* [Data extracts]
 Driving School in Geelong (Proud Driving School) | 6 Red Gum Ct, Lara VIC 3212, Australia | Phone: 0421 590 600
* * *
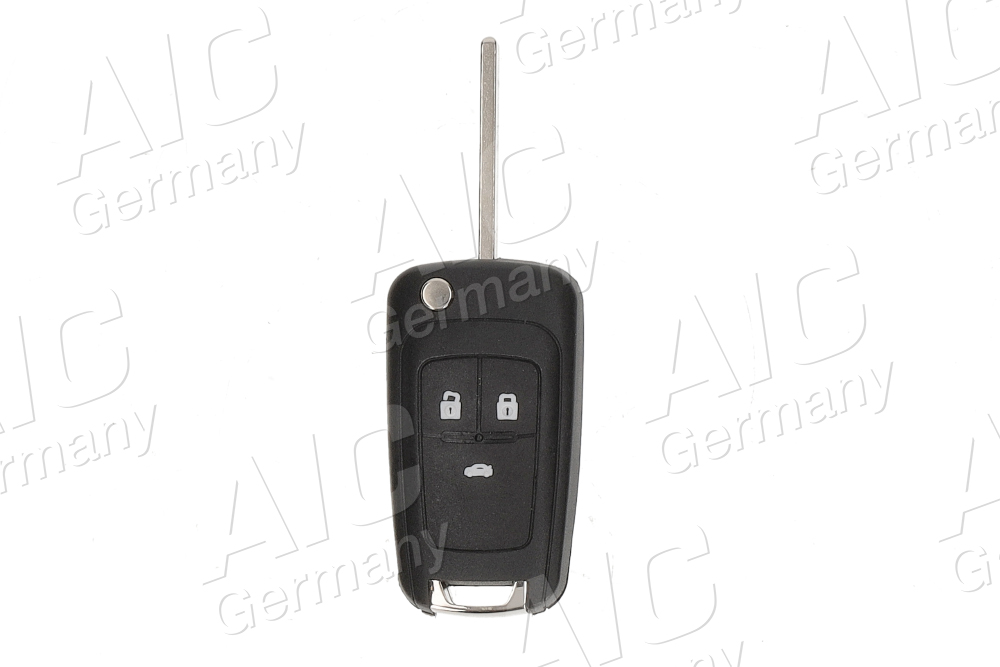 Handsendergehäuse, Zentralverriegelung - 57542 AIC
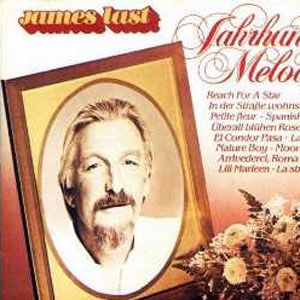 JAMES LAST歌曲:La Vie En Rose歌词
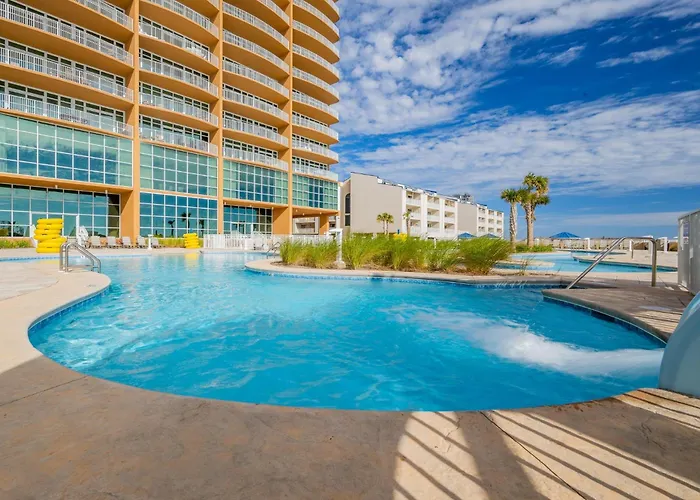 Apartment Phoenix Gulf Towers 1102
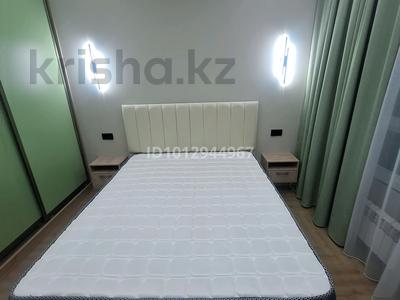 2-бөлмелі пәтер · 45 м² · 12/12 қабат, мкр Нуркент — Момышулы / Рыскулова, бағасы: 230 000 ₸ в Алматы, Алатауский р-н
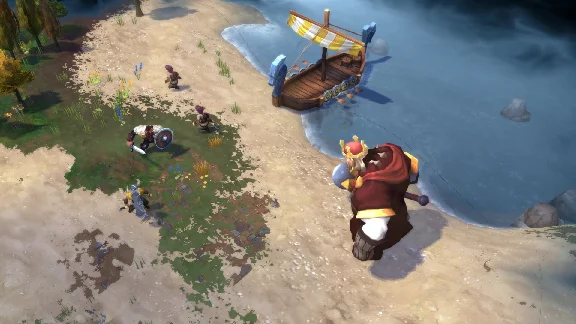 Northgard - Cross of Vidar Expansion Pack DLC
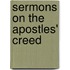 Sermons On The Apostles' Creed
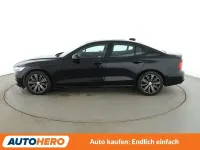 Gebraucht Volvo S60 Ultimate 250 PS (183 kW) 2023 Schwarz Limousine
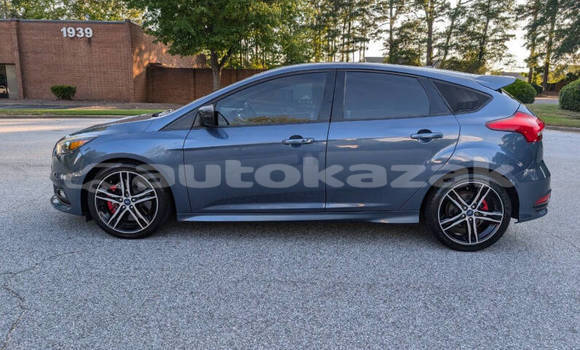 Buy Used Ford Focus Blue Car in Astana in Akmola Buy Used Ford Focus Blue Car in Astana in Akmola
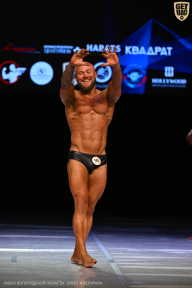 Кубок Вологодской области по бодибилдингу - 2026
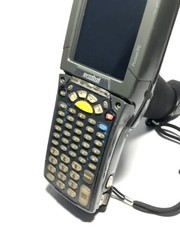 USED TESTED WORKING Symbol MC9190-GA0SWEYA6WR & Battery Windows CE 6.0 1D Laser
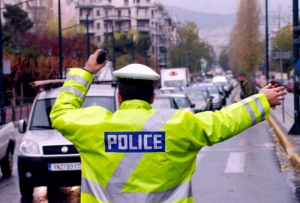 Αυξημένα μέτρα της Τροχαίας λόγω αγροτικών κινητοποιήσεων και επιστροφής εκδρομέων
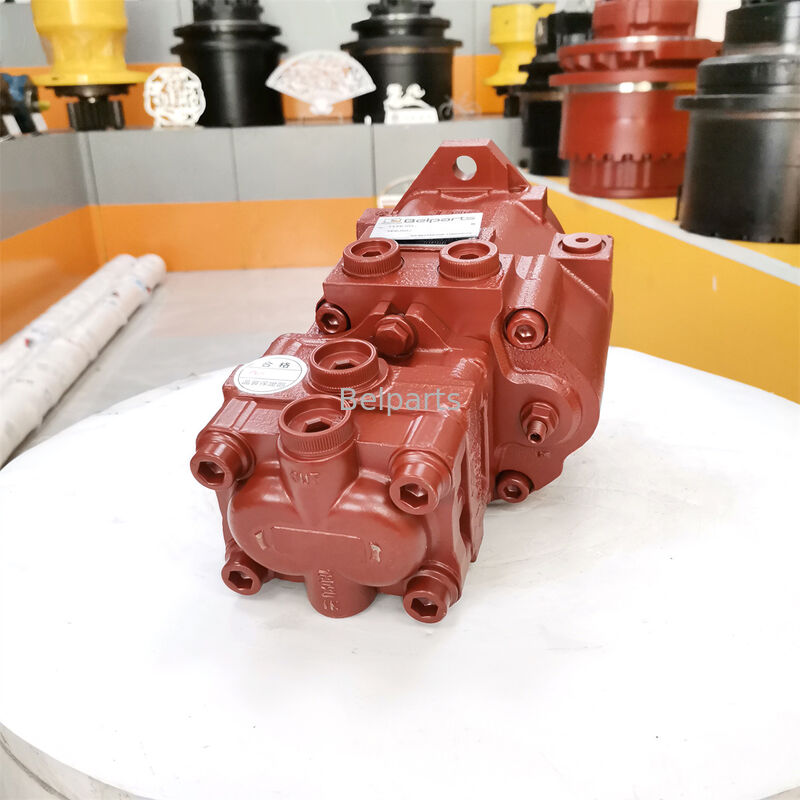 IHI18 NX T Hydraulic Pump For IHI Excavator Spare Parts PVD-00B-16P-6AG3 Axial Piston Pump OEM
* * *
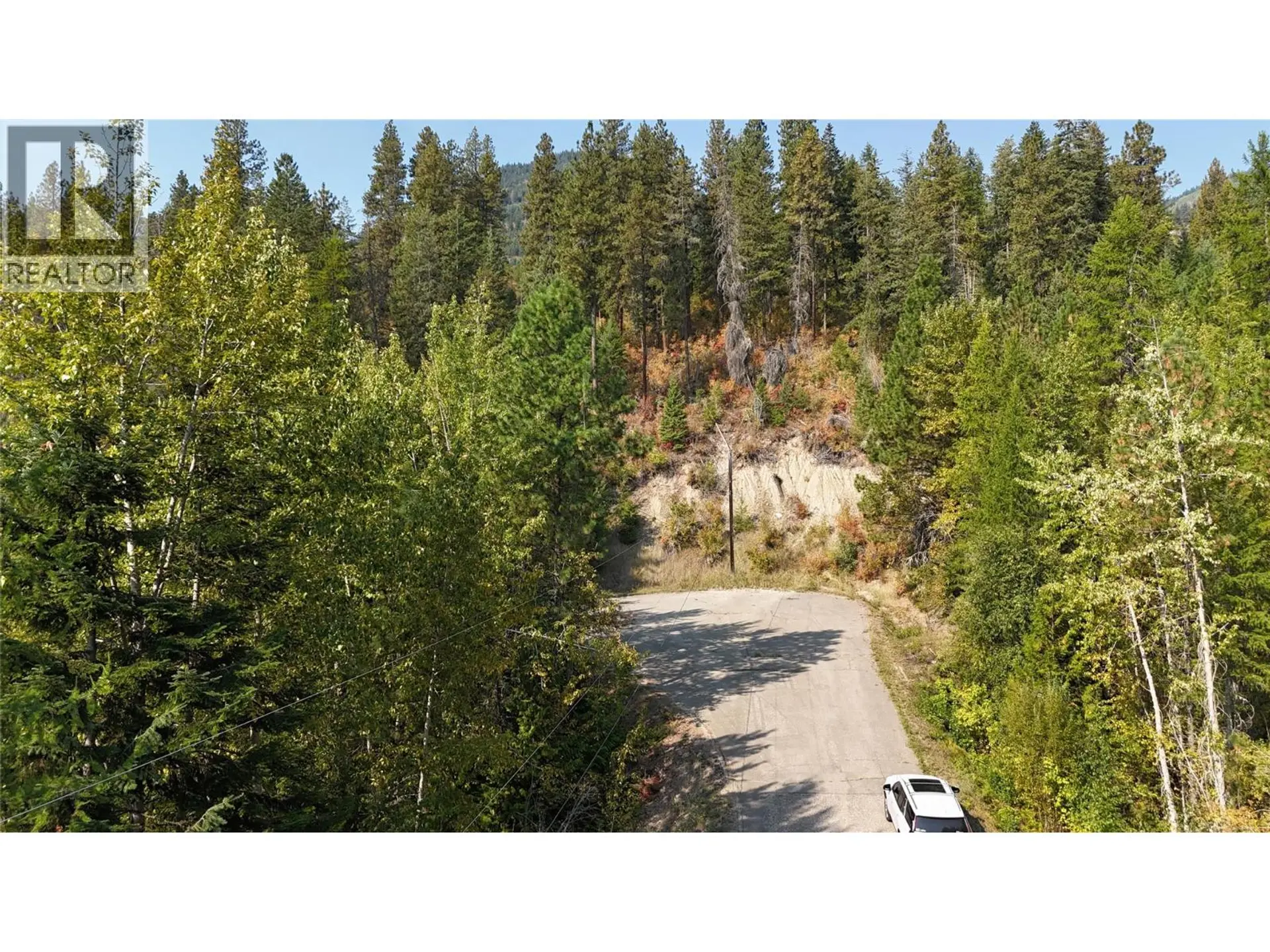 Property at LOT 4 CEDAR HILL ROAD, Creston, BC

* [Description of the task] Range to print from the listing above: from the line with "USED TESTED WORKING" up to and including the line with "IHI18 NX T Hydraulic". Please print those lines exactly, with no pictures and nothing more.

* [Your response]
 USED TESTED WORKING Symbol MC9190-GA0SWEYA6WR & Battery Windows CE 6.0 1D Laser
 Αυξημένα μέτρα της Τροχαίας λόγω αγροτικών κινητοποιήσεων και επιστροφής εκδρομέων
 IHI18 NX T Hydraulic Pump For IHI Excavator Spare Parts PVD-00B-16P-6AG3 Axial Piston Pump OEM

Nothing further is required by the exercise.